Scanning device: Pumpkin

Pumpkin is equipped with the following main sensors:

  • Cameras:

    • 6 x Sony RX0 (2 with Wide Angle Lens: Samyang Fisheye Lens), 2400x1600, 2Hz, Anti-Distortion Shutter — 1/32000 super-high-speed shutter, ZEISS Tessar T* Lens, 84° FoV (Samyang Fisheye Lens: 106° HFoV, 70° VFoV)
  • LIDAR:

    • 1 x Velodyne Puck 16-channels Lidar, 360° HFoV, 30° VFoV, 4 planes, 10 Hz, 100m range, 0.1~0.4° Vertical resolution, 2.0° Horizontal resolution,

Sensor Location

Data format

This dataset consists of images and their poses. The name of each image includes the serial number and timestamp as '[serial #]_[timestamp].jpg'. The poses where all images are acquired are in a separate file, 'sensor_trajectory.hdf'. In this file, 7-degrees-of-freedom (DoF) poses for all of the images are recorded. 7-DoF states are 'x, y, z' for position and 'qw, qx, qy, qz' for orientation, in serial order. In addition, each of the two tabs, pose and stamp, are paired, and the pose for the n-th stamp is the n-th in the pose tab.

If you are more familiar with '.json' than '.hdf', you can download the file to convert it.

How to generate data

  • Data acquisition
    All of the images of this dataset were acquired by Pumpkin.

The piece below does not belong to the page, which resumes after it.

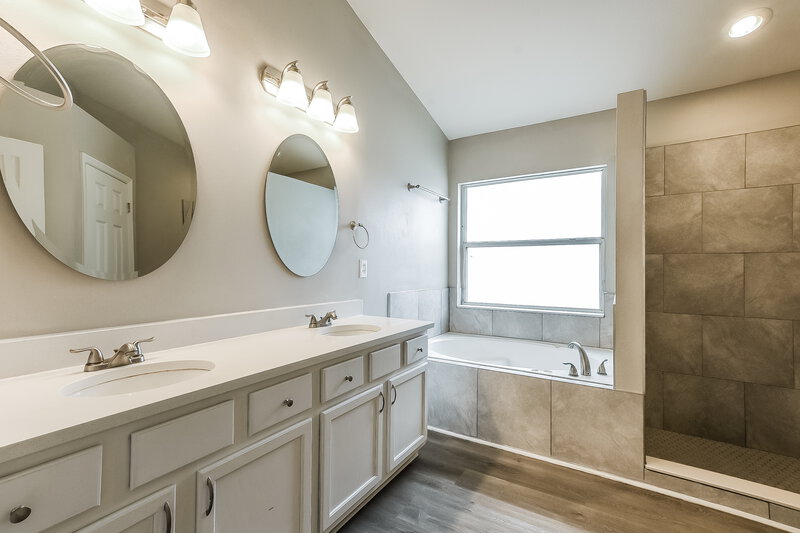 2,110/Mo, 15849 Green Cove Blvd Clermont, FL 34714 Main Bathroom View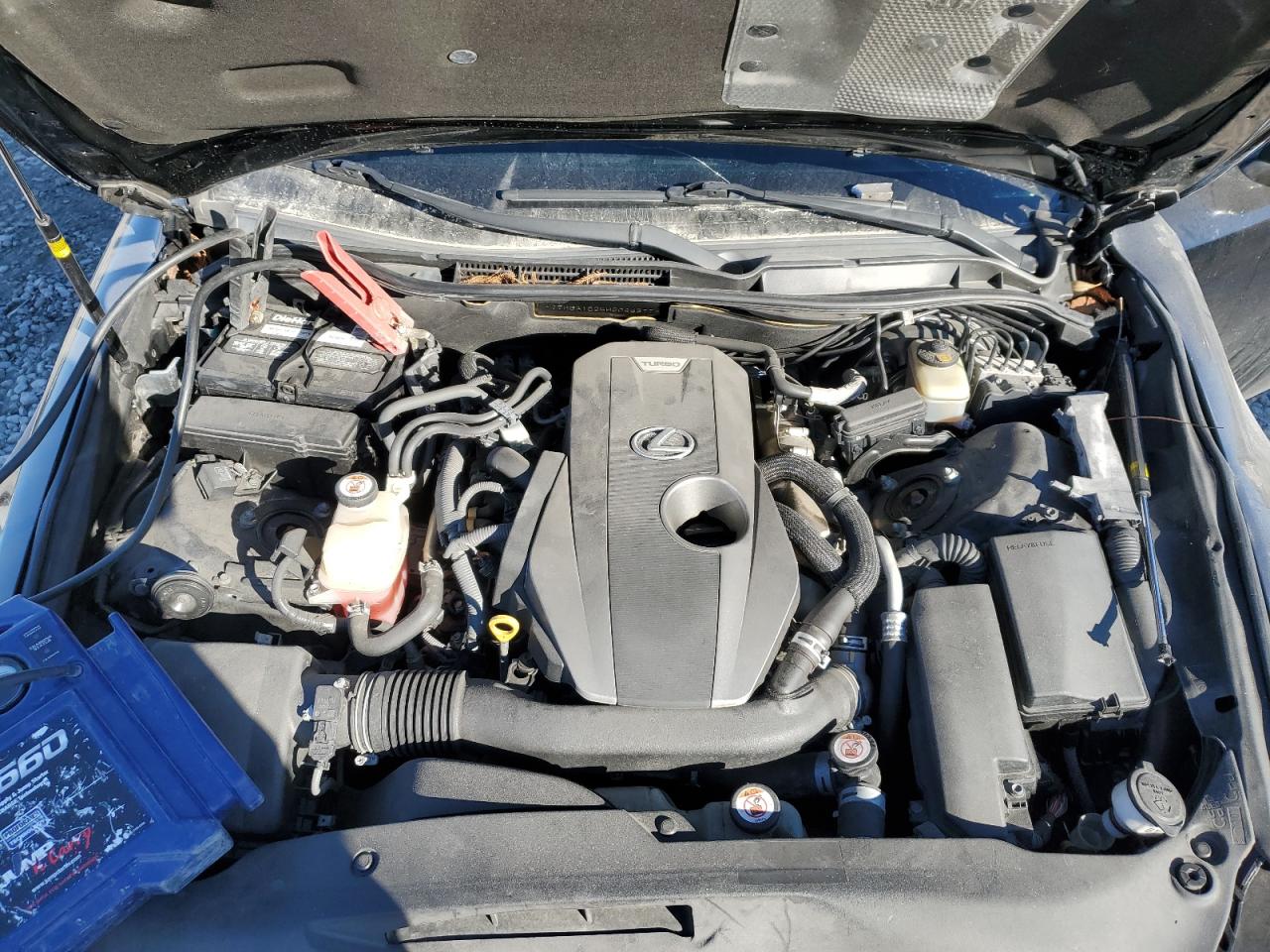 2017 Lexus IS - Image 12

To collect as much data as possible, we acquired images periodically and without stopping instead of by stop-and-go motion. As referred above, because RX0 has an anti-distortion shutter, we assumed that there is no distortion by movement. All of the data including point clouds and images were recorded based on the same timeline under the UNIX timestamp of the main processor.
  • Estimating image pose
    For accurate pose estimation when each image was acquired, LiDAR-based SLAM was performed. However, since the acquisition from LiDAR and cameras didn't happen at the same time (i.e. asynchronized), linear interpolation based on timestamp gave the pose of Pumpkin when the image had been acquired. The pose of each image could be calculated from the relationship between the base of Pumpkin and each camera, and the pose was tagged for each image.
  • Blurring
    To publish the dataset, we blurred faces in images with our object detection model. The model was trained by the data from Naver Street View, which includes face annotation. We ran the model on our images to localize the faces, and applied a median filter to blur the objects. The remaining faces that the model failed to localize were handled manually.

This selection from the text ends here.